The charge sheet is long and disturbing. From the impeachment of the chief justice; the real or implicit threat to independent journalists; the appropriation of land; the military's incursion into civilian life and the blind-eye tolerance of attacks on Muslims and evangelical Christians - all of it has been noted by the UN's Human Rights Commissioner and several others.
The government response is to retreat into the language of conspiracy.
One official - entirely straight-faced - told me how the Sinhalese way of life was under threat. This is a majority community behaving as if it were a beleaguered minority, revelling in a perceived victimhood that fuels the excesses so many now fear.
Who would have thought this is the administration, this is the army that scored such a decisive and brutal victory over the terrorist Tamil Tigers just four short years ago?
I was born in Sri Lanka and my parents joined the Tamil diaspora. But I am not here to meet family and friends but to report on the Commonwealth Heads of Government Meeting.

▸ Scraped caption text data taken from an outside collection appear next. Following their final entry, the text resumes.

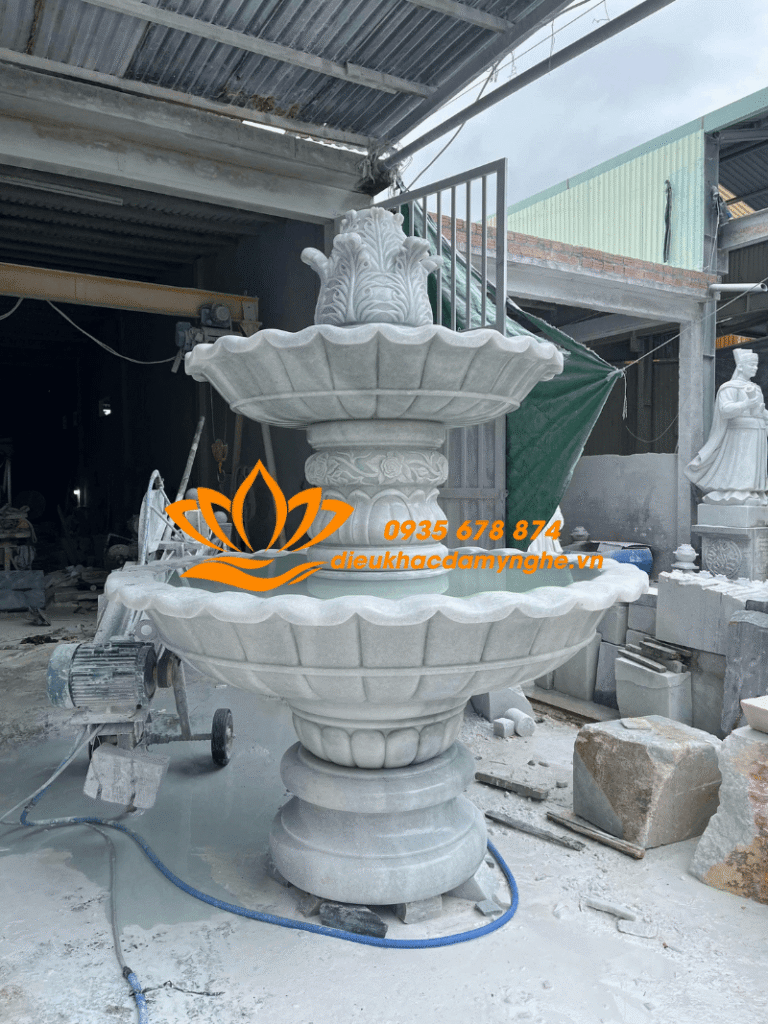 dai phun nuoc san vuon bang da dep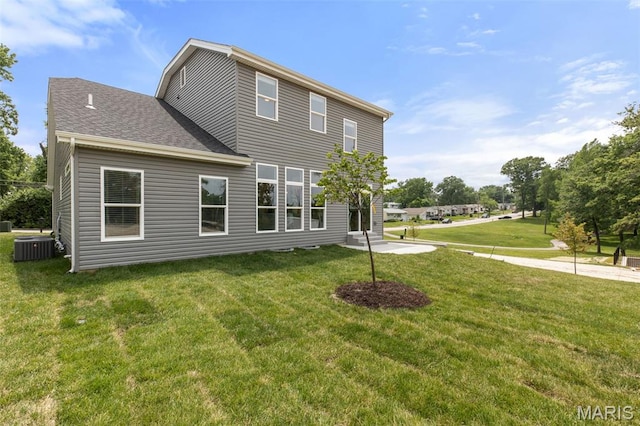 401 Rayburn Ave, Sunset Hills, MO 63127 - rear view of house featuring a yard, central AC, and roof with shingles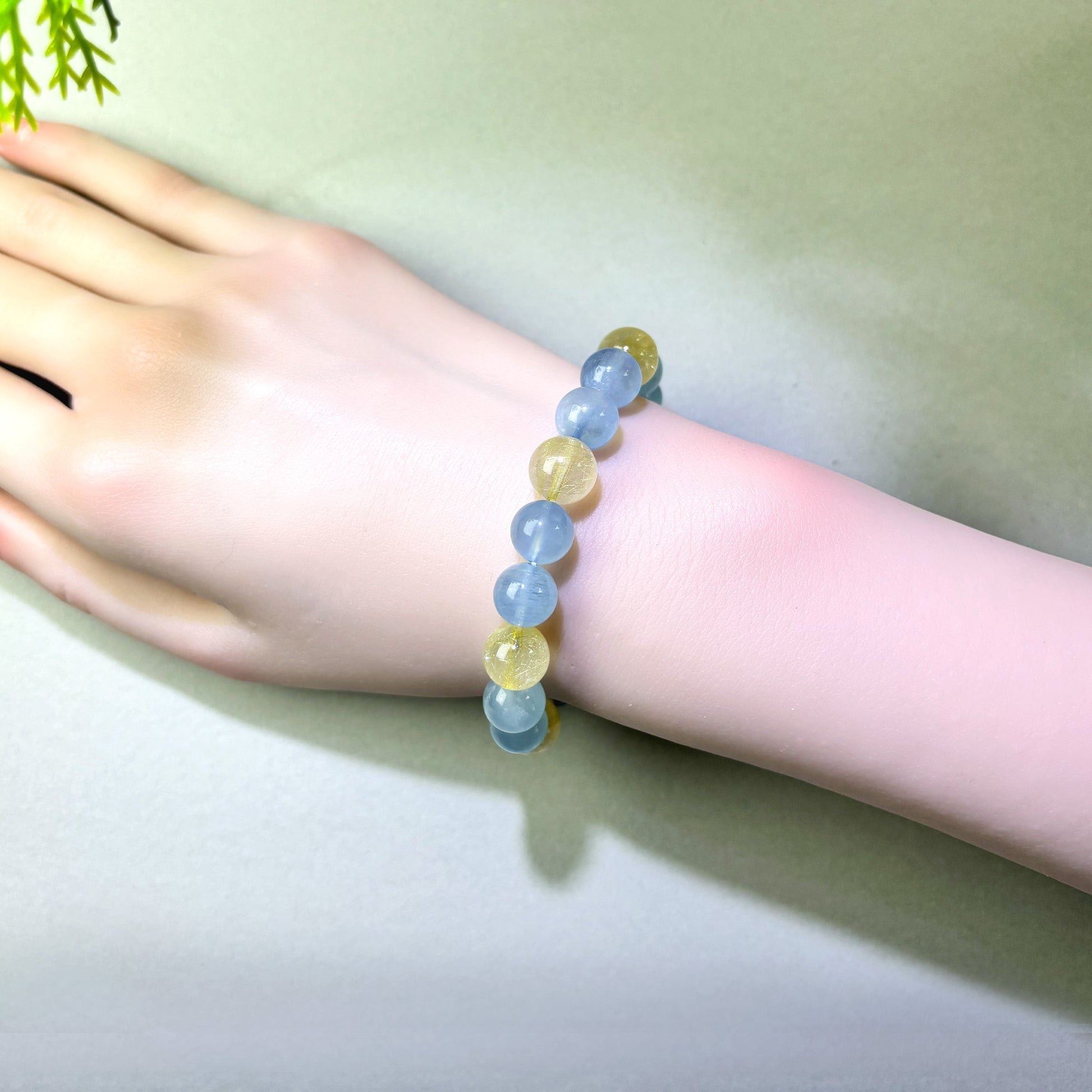 Aquamarine and Golden Rutilated Quartz bracelet worn on wrist for clearer expression in important conversations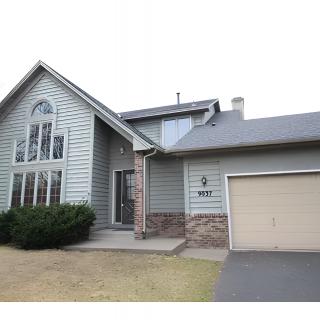 A two-story suburban house with an attached garage and front yard.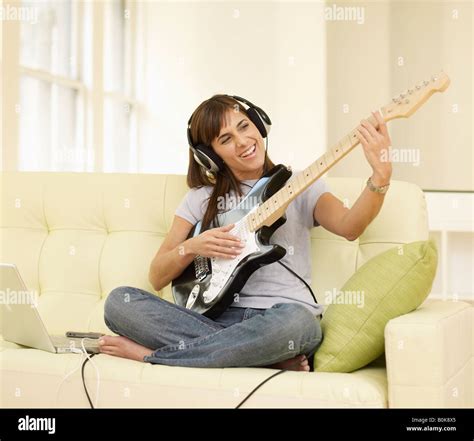 Mid Adult Woman Playing Electric Guitar Stock Photo Alamy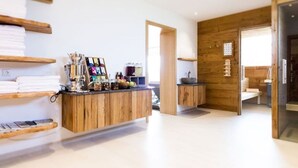 A modern kitchen with wooden cabinetry, a central island, and a view into the dining area.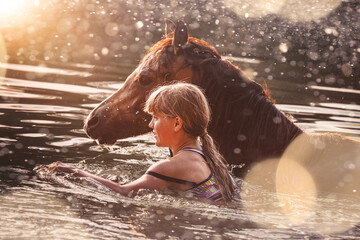Mädchen badet mit Pferd im See
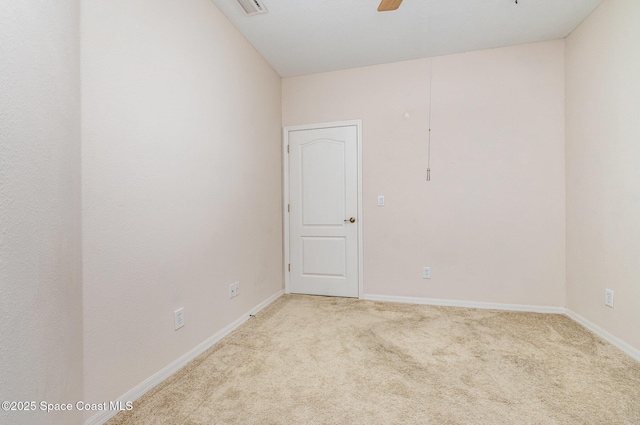 carpeted spare room featuring ceiling fan and baseboards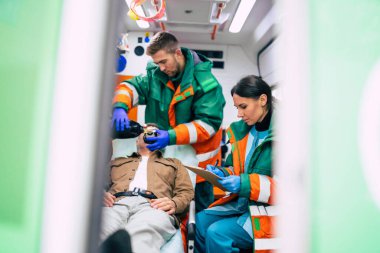 Ambulans arabasında iki profesyonel sağlık görevlisi ve sedyede bir hasta. 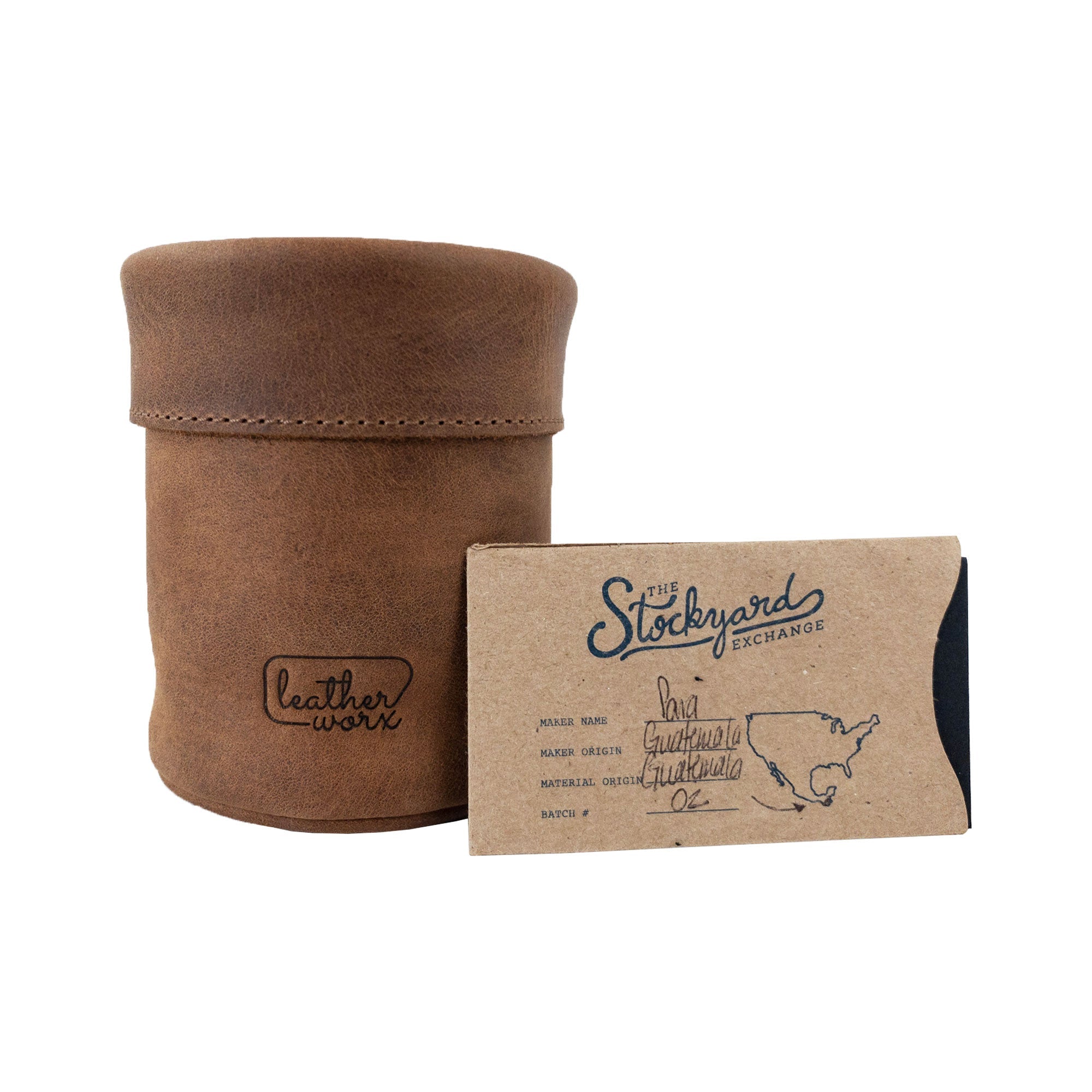 Leather Worx Pen Organizer next to a card detailing its origin. This Pen Organizer Cylinder Pencil Holder represents the quality of Full Grain Leather work accessories, highlighting artisan skills and small batch production from La Antigua Guatemala & Oaxaca Mexico.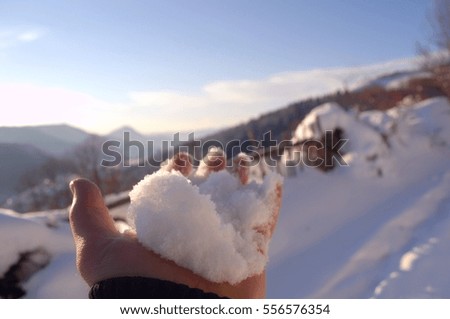 Winter motifs. Snow in the men's hand closeup. Enjoying a beautiful and sunny winter day.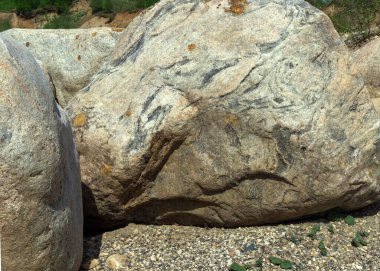 Kumun üzerinde birkaç büyük taş var. Ön planda büyük gri bir taş yatar. Taşın yapısında gri ve sarı gölgeler de var. Taş ocağında madencilik..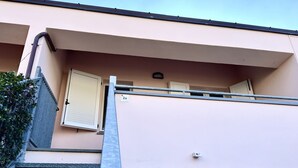 Un edificio con facciata beige, ringhiera in metallo e porta con persiana chiusa.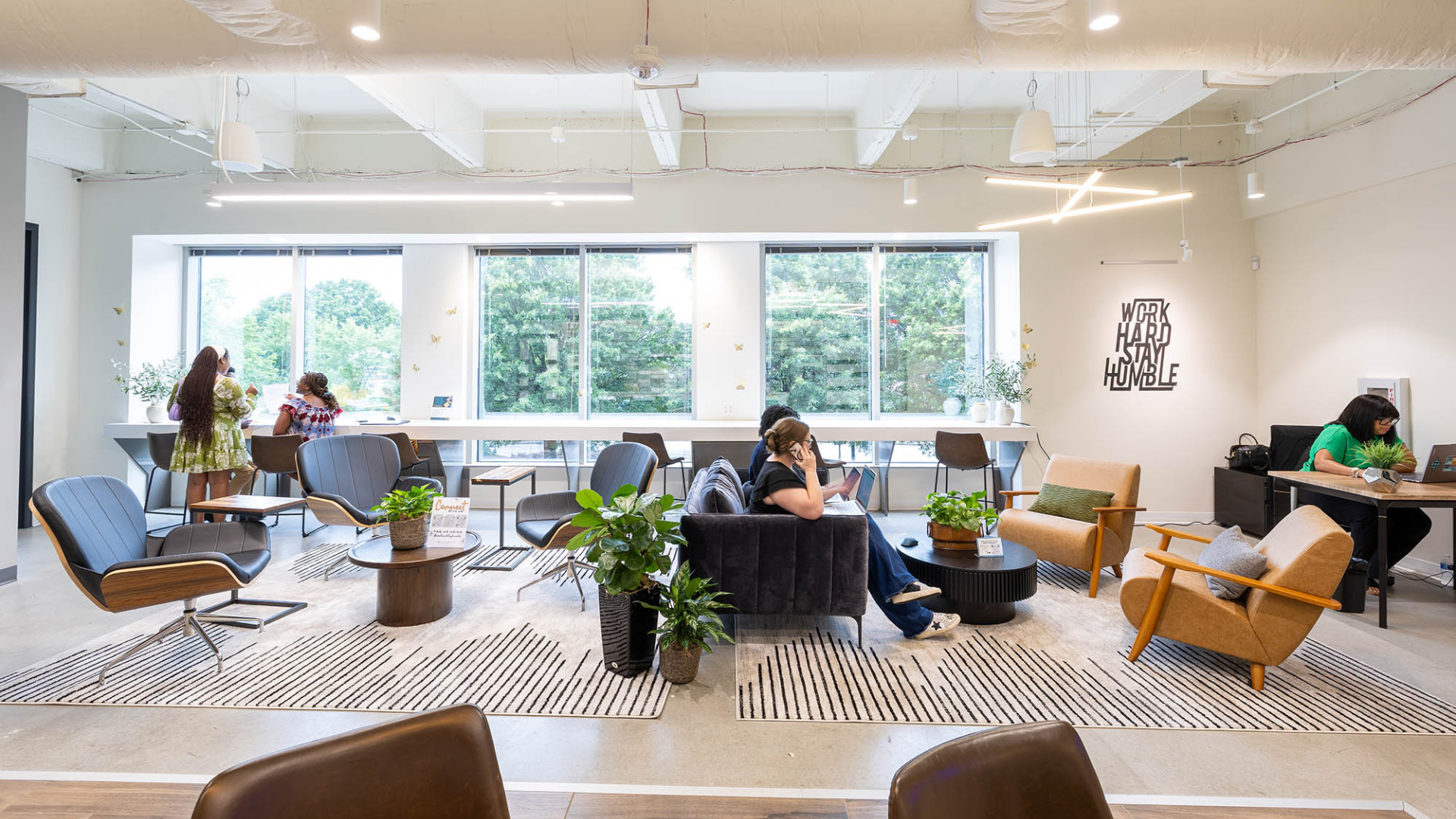 Expansive members working and connecting in a shared workspace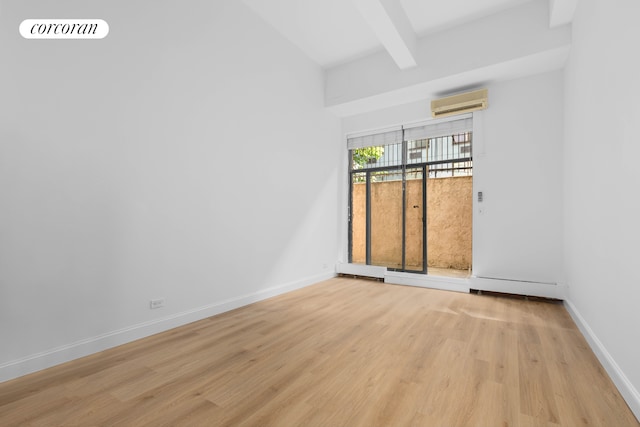 empty room with light wood-type flooring, beamed ceiling, an AC wall unit, and baseboards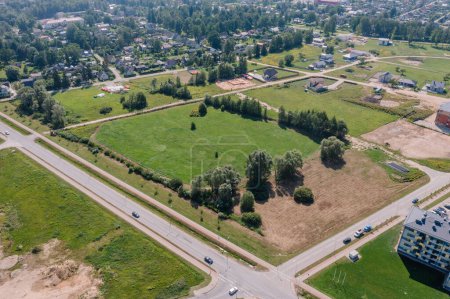 Foto de Valmiera, Letonia - 7 de agosto de 2023 - Aerial shot of a suburban development with roads, houses, a green field, and a construction site. - Imagen libre de derechos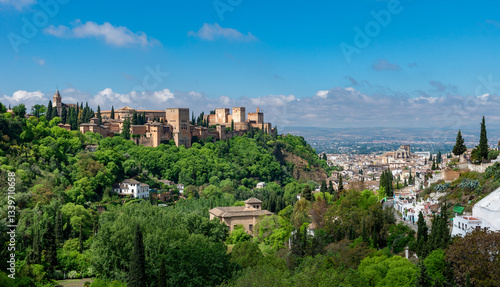 Granada, Spain - the majestic Alhambra palace overlooking the lush green hills and historic Albaicín district under a clear blue sky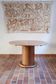 Round table with a central pedestal, light wood, 1990s.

The event will be overshadowed by calls for the government to submit itself to an independent and international inquiry into allegations of war crimes committed at the end of the civil war.
UK Prime Minister David Cameron says he will do it privately; many other will shout it out loud. All of it will come to nothing. Sri Lanka has enough friends around the world to survive the onslaught.
And that will serve only to reinforce the habit of impunity. Today the excesses go beyond the old Sinhalese-Tamil ethnic divide.
It doesn't matter what language you speak or how you worship your god. All that matters now is whether you are for the Rajapaksa dynasty or not. And if you are not, you know what to expect.